L’oubli a mangé les arbres
et les fleurs,
son visage, sa lumière.
C’est pour dénoncer l’imposture
d’avoir pris la place du mort
La culpabilité d’avoir pris la place du père mort, les affres du survivant (mais mâtinées de joie, d’une gourmandise vitale, sans dolorisme) composent la basse continue du recueil. Le devenir abstrait, étranger du monde, la métamorphose des visages en « ombres chinoises » sont-ils le fruit de l’abyssale absence du père ? Ou, situé en amont de toute perte, le vide précède-t-il la disparition du père, « fourreur et chimiste / et aussi un peu talmudiste » ? Au terme d’une ascèse mentale, le temps de poser des questions, de soulever les terres du « pourquoi ? » est révolu. À jamais, la rive des mots et des pensées se voit séparée de la rive de la pâte du réel, de la nature. L’Idée d’arbre provoque la perte de l’arbre empirique. À jamais, le rivage des vivants se détourne du rivage des morts. Comment prendre pied dans l’existence quand l’ombre du père défunt laisse un vide dans la mémoire et quand « Ma vie est l’oubli / de ta vie » ?

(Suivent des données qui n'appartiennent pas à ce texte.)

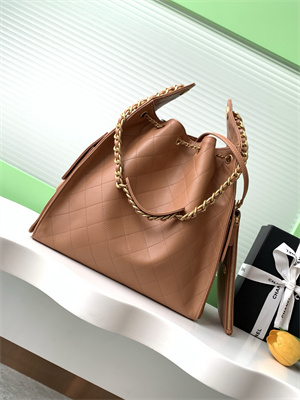 Chanel 25 Medium Handbag Grained Calfskin Gold Tone Metal Brown AS5311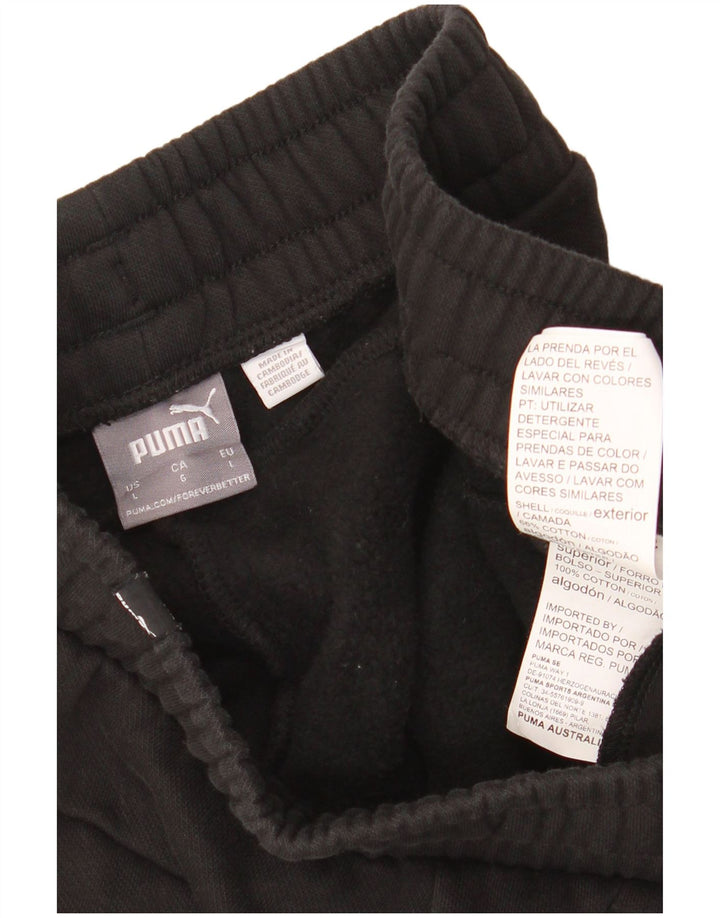 PUMA Mens Tracksuit Trousers Joggers Large  Black Cotton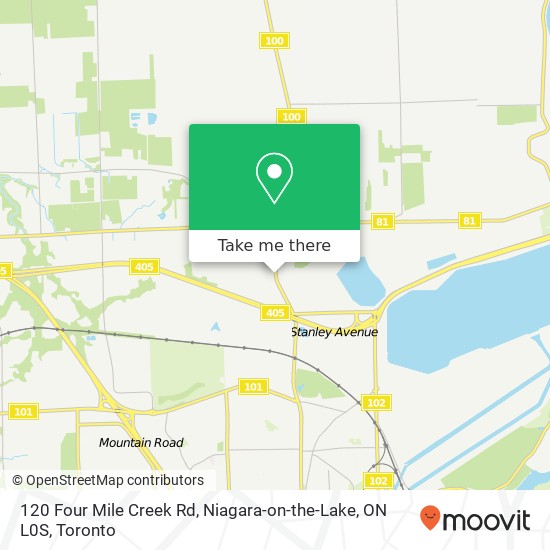 120 Four Mile Creek Rd, Niagara-on-the-Lake, ON L0S map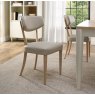 Premier Collection Larsen Scandi Oak Upholstered Chair - Ivory Bonded Leather (Pair)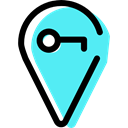 Gps, pin, map pointer, signs, placeholder, Map Point, Map Location, Key Turquoise icon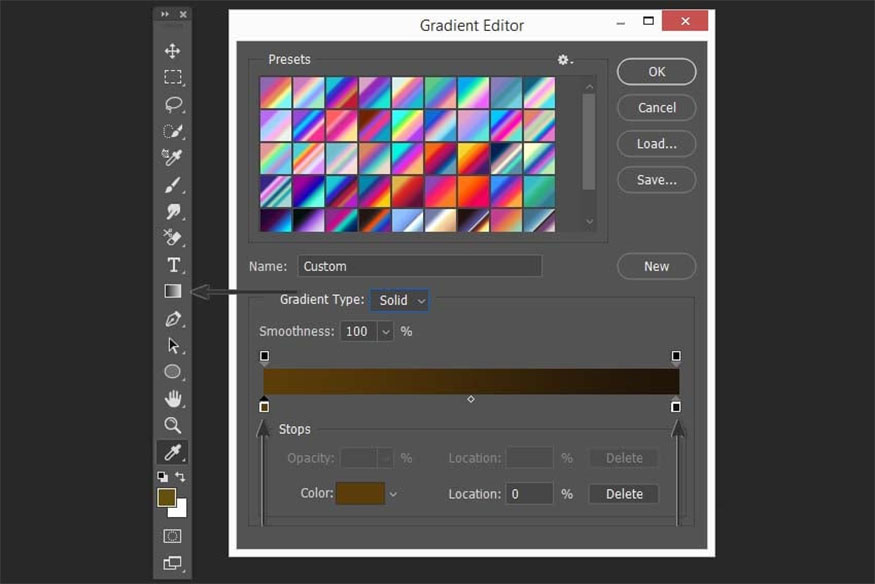 Chọn Gradient Tool (hoặc nhấn G)
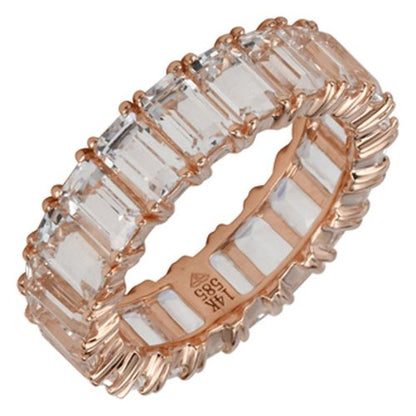 WHITE TOPAZ EMERALD CUT ETERNITY BAND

La poésie accomplit un retour vers les origines barrées, vers la préhistoire brouillée d’un être qui, se livrant au français, se sait porteur du yiddish de la mère, un yiddish en contrebande qui « dort sous les mots ». Poésie kaddish, poésie exorcisme tournant autour de l’innommable, de l’imphrasable, de l’imprononçable mot « juif », La confusion des visages culmine dans un procès intenté à soi. La parabole « Devant la loi » de Kafka se voit revue par un Don Juan défiant le Commandeur si bien que la seule condamnation aura pour nom l’absence de sentence.

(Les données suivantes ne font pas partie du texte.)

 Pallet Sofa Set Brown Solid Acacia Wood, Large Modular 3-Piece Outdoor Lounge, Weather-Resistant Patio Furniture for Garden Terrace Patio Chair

La poésie sojchérienne se tient du côté du non-savoir, de l’allègement. Déportant « l’inconvénience d’être né » de Cioran, le non-savoir a trait à la naissance, à l’engendrement : « Tu ne sais toujours pas / ce que c’est que donner naissance / ni être né ».

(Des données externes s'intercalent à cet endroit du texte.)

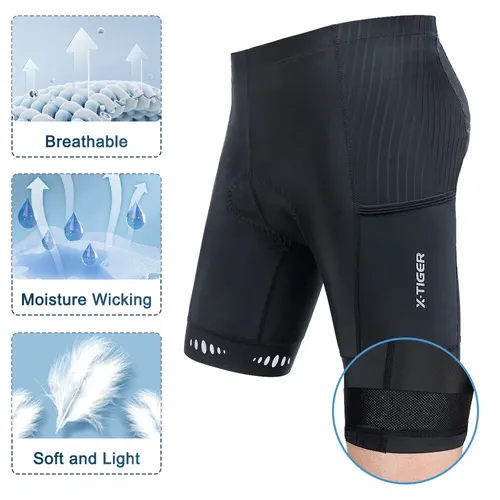 Imagen 2 del producto Pantalones cortos de ciclismo para hombre, X-TIGER con bolsillo trasero, acolchado de Gel 5D, medias para ciclismo de montaña y carretera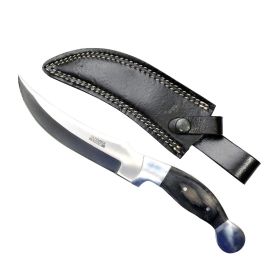 Defender-Xtreme 11" Full Tang Hunting Knife Black Wood Handle and Leather Sheath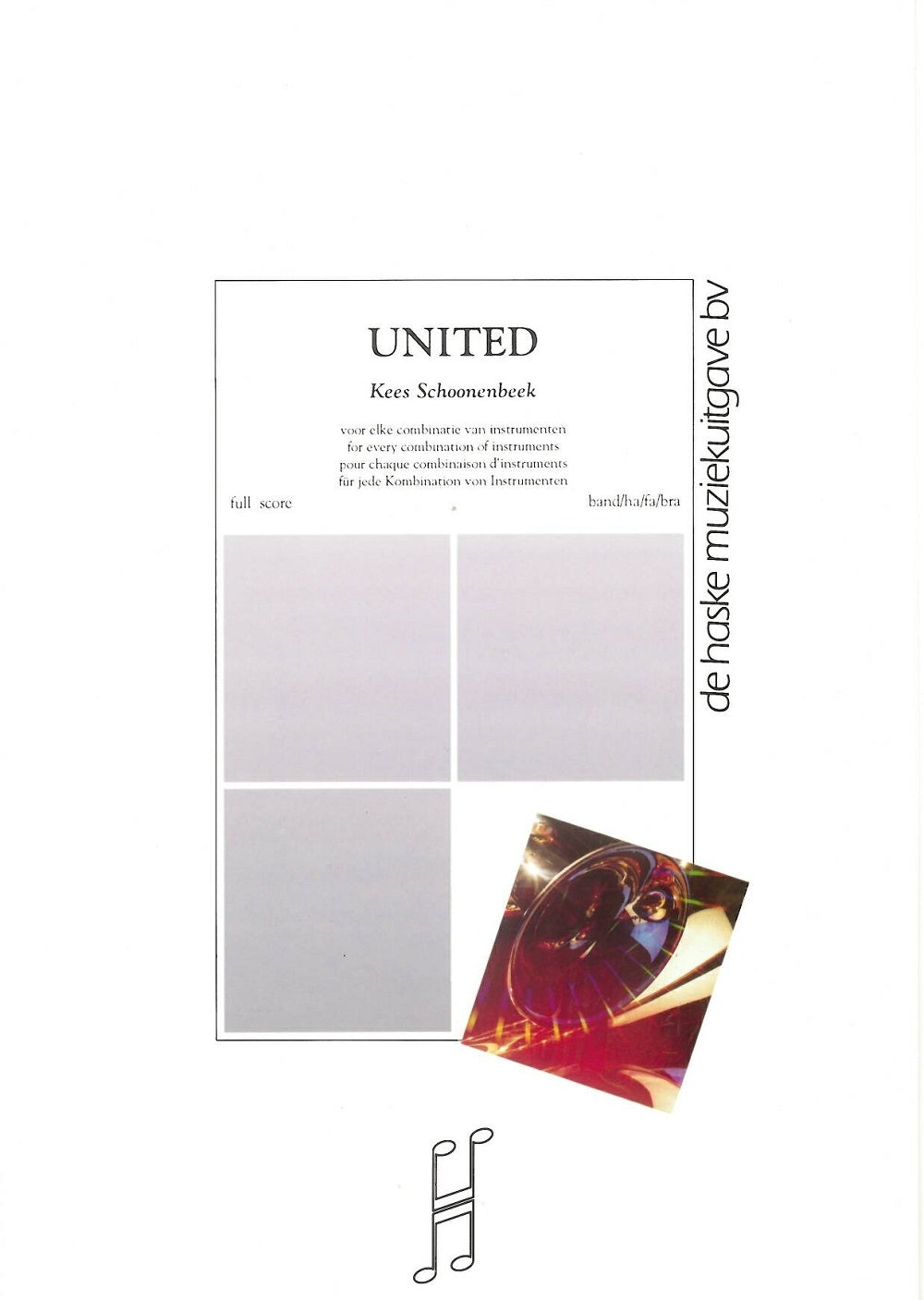 Unis | Kees Schoonenbeek | Orchestre d'harmonie | Partition + parties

Dans cet autoportrait d’un « rêveur d’actes », dans cette méditation sur la teneur ontologique conférée par les mots, le recueil, rythmé par la lutte entre le désir d’inscription et le désir d’effacement, érige le Visage au sens de Lévinas en unique dieu. Avec comme unique pulsation, celle de l’attente du retour du père mort.
J’attendrai toujours
ton retour
Une complicité absolue noue le verbe de Jacques Sojcher aux souverains dessins du peintre Arié Mandelbaum, l’évidement des visages, des figures au niveau visuel prolongeant l’évidement de l’écriture et du Je au niveau textuel.